• [What you need to do]:
From the entries below, return only the lines starting at the one that contains "Abrigo largo acolchado" and ending at the one that contains "Preview: Cocktail of", exactly as they stand.

-------

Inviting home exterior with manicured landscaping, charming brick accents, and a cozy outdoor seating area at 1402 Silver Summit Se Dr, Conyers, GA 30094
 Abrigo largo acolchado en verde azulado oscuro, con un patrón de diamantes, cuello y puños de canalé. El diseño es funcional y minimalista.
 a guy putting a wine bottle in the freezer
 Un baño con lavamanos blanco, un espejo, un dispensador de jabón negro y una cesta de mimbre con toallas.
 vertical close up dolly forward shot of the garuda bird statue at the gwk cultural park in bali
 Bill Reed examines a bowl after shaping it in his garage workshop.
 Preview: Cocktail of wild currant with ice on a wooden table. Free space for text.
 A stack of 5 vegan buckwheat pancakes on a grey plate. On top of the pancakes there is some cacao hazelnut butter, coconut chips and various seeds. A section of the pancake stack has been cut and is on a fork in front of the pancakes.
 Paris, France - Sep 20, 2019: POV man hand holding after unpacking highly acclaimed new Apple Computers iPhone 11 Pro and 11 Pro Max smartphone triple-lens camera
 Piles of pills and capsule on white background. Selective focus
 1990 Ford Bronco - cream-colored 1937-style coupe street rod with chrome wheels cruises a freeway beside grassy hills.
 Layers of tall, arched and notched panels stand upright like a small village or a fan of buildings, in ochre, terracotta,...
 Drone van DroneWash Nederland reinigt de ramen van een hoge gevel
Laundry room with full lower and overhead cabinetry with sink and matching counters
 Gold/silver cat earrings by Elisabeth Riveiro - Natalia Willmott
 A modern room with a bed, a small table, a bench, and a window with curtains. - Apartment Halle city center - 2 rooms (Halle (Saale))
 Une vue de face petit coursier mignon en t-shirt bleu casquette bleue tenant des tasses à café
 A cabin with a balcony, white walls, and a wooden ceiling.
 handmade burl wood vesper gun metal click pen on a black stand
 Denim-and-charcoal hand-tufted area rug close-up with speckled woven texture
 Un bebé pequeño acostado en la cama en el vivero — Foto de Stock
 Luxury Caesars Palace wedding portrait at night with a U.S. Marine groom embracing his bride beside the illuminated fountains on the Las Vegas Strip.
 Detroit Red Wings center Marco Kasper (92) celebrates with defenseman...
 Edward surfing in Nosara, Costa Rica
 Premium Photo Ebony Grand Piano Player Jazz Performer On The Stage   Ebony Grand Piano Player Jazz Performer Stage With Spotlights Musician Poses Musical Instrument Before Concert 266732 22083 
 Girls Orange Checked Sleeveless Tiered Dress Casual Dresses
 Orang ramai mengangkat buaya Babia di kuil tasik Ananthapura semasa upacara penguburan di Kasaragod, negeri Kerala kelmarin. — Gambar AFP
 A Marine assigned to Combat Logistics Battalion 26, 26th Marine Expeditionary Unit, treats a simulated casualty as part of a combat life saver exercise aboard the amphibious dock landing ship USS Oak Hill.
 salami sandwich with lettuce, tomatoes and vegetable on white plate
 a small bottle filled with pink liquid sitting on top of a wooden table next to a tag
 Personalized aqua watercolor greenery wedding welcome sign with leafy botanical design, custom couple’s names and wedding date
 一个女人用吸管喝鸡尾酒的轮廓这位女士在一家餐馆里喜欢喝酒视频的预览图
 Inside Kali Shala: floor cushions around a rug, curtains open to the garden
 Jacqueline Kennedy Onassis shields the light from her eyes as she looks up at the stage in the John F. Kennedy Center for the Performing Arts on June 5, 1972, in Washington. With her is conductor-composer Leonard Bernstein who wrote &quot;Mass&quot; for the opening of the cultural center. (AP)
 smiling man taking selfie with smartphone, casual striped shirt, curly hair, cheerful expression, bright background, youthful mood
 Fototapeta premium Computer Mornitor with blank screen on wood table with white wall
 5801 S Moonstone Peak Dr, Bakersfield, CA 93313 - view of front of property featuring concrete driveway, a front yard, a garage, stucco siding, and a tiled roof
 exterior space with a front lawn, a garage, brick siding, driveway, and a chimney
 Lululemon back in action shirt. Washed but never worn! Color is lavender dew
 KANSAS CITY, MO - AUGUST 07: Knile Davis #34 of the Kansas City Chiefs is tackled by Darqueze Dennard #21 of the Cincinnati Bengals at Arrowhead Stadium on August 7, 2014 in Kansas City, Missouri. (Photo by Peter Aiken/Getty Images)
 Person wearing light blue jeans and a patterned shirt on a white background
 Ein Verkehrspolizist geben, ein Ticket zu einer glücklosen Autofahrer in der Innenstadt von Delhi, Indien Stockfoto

-------

• [Worked solution]:
 Abrigo largo acolchado en verde azulado oscuro, con un patrón de diamantes, cuello y puños de canalé. El diseño es funcional y minimalista.
 a guy putting a wine bottle in the freezer
 Un baño con lavamanos blanco, un espejo, un dispensador de jabón negro y una cesta de mimbre con toallas.
 vertical close up dolly forward shot of the garuda bird statue at the gwk cultural park in bali
 Bill Reed examines a bowl after shaping it in his garage workshop.
 Preview: Cocktail of wild currant with ice on a wooden table. Free space for text.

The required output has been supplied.